Recessions have their milestones. There is the start, of course, in this case December 2007; the worst months, the winter and spring of this year; the gradual return to economic expansion, late this year maybe; and, finally, adding jobs.
That last one is a tough call, because this recession in some very important ways is not only deeper than any we’ve had since the 1930s but is particularly hard on family income and savings. And without family income and savings, consumption — and the jobs it produces — are put off.
Most Americans don’t consider a recession really over until work is once again plentiful, and the unemployment rate — which is now at 9.5 percent — finally starts going down.

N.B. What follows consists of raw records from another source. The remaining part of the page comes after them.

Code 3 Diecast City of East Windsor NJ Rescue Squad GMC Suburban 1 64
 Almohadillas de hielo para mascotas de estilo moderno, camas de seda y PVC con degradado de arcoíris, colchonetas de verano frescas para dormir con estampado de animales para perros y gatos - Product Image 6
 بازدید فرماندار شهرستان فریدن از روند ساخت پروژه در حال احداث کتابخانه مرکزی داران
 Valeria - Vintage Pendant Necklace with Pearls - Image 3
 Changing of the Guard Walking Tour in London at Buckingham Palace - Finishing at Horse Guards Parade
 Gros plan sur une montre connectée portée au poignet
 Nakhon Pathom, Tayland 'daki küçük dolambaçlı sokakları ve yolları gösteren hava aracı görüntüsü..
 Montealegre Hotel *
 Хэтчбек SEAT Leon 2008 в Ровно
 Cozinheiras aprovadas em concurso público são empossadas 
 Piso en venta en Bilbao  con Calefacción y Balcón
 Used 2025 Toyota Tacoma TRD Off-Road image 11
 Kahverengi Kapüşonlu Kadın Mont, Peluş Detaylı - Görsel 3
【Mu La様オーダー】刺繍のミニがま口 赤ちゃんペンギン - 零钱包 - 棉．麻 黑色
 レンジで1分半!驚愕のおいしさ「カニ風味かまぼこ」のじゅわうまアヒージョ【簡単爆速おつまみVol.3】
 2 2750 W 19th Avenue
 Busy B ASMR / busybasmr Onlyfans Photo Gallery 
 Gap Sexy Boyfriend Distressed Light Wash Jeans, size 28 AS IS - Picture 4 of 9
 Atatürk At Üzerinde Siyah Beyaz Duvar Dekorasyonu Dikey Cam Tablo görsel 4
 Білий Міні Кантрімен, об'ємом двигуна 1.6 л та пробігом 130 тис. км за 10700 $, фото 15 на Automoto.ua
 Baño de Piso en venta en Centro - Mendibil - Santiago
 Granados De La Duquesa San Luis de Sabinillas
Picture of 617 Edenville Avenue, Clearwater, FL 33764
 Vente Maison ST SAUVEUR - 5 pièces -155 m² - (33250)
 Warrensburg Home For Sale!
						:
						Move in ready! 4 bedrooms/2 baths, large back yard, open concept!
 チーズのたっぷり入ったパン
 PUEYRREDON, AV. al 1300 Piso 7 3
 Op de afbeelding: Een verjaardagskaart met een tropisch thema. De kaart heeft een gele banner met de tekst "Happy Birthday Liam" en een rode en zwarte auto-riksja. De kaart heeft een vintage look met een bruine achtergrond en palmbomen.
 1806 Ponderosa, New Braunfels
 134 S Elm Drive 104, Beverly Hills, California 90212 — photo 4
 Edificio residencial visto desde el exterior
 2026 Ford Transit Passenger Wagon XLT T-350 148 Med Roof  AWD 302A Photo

Ask economists when that will occur this time and they hesitate. No sooner than next summer, nearly all of them say. And that’s a guess, verging on wishful thinking.
“It is going to take a while for manufacturing and construction to stop losing jobs, and it will take time for businesses to be confident enough to go out and hire,” said Mark Zandi, chief economist at Moody’s Economy.com, who says the necessary confidence won’t return before next summer.
When it does, the hiring is likely to be spotty and cautious. Health care and education, for example, have added workers throughout the recession and as that steady hiring continues in post-recession America, the overall job numbers will finally begin to rise — not from a surge in the hiring of health care workers and teachers, but because fewer and fewer jobs will be disappearing in other sectors.
“You are combining a very deep recession with what at this point looks like a sluggish recovery,” said Jan Hatzius, chief domestic economist at Goldman Sachs.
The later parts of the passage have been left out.